All I noticed was that she had said my name.

We had walked to the river. There was a wind, and occasionally I would smell that musk-­and-­roses scent from V's hair. Most women's hair smells of quinine, which they rub on it more or less frequently; many women seldom actually wash their hair. V's hair looked like a cloud around her head, as if escaping. I was unused to hair that did not stick, slicked down, to the scalp, and I found it enchanting. There was also something about her smell: Women often carry flowers to hide their ordinary bodily scent, but it seemed that what I smelled
was
V's body. It was intoxicating. It smelled primal and pure at the same time. Its raw intimacy made me think of the skin at the nape of her neck as I had seen it outside the Morgue, and I thought I would go mad. But I merely stood next to her and stared into the current.
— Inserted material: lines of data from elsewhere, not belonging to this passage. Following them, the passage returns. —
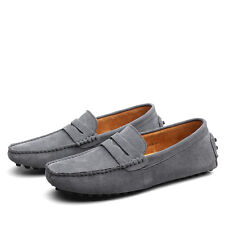 Men loafers suede for sale  UK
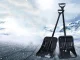 Снегоуборочная Снеговая Складная Автомобильная Лопата, 32x24 см |...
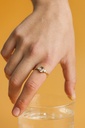 RING LASSO 18kt Yellow Gold 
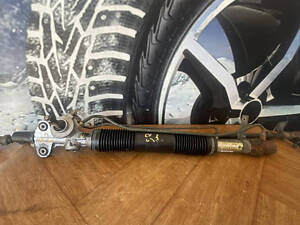 QAB102374 рульова рейка Land Rover Freelander (I) 1998-20061998-2006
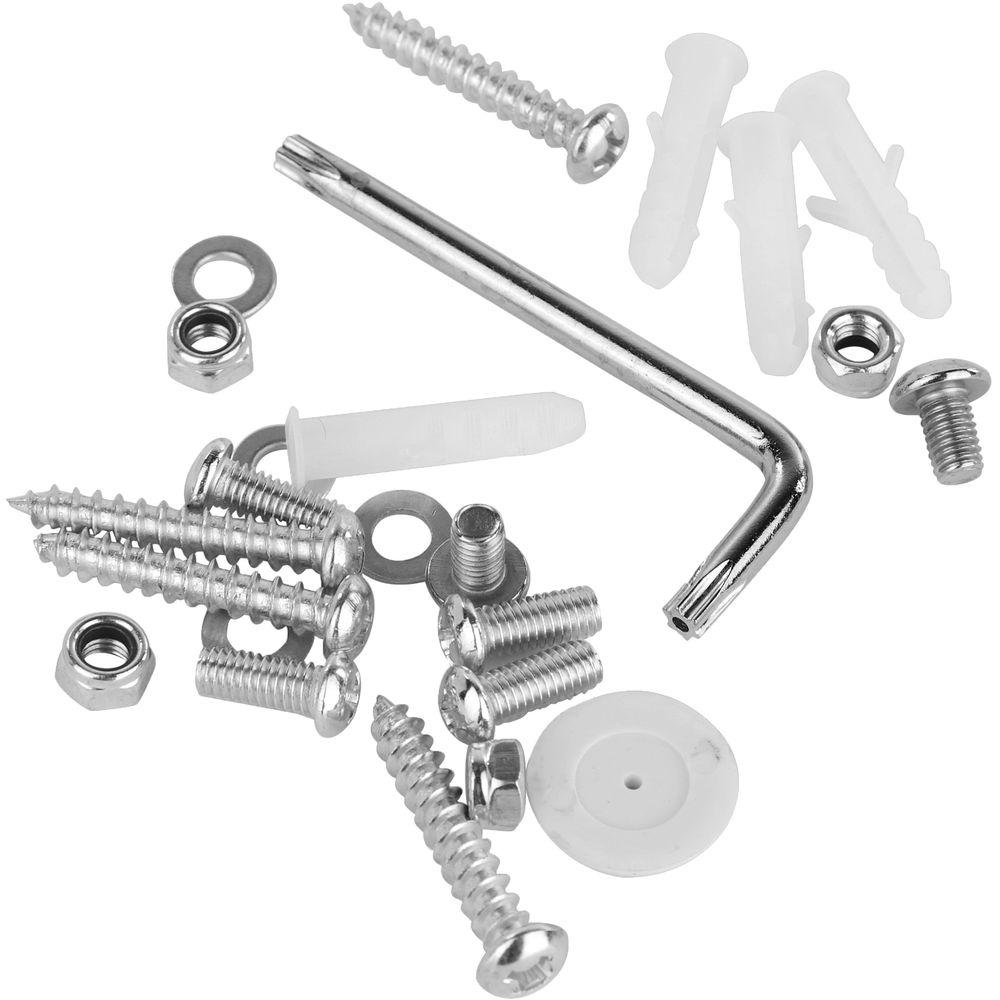 Pyle Pro iPad Pro 12.9" Anti-Theft Display Kiosk Case with Wall Mount Frame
The water of the Seine had an evil reputation. It is polluted by nearby graveyards, and offal of every description is emptied into it. But its beauty is not dimmed on a moonlit night, and the wind was blowing strong. I used it as an excuse to move closer to her.

“I must go now,” she said.

“You must stay.”

We were looking out at the moving current and the light on the current, not at each other. We spoke as if our lines were rehearsed and we did not mean them at all. I felt bewitched; I did not know what she felt.

“It is time,” she said.

“Will I see you again?”

“Perhaps,” she said, “at the Morgue.”

“I would like to see you there,” I said, and suddenly my hands were around her neck. I caressed her skin as I removed her scarlet silk scarf, and she let me. She looked at me with a doll's dead eyes, and yet I knew that she was not afraid. I was afraid of her.

She was looking at me steadily. My hands found their grip upon her neck. I pressed. The voluptuousness of the sensation was like the voluptuousness of walking through the field of flowers that was not there. I was not sure if I was really doing this, squeezing the life out of this woman that I knew I loved.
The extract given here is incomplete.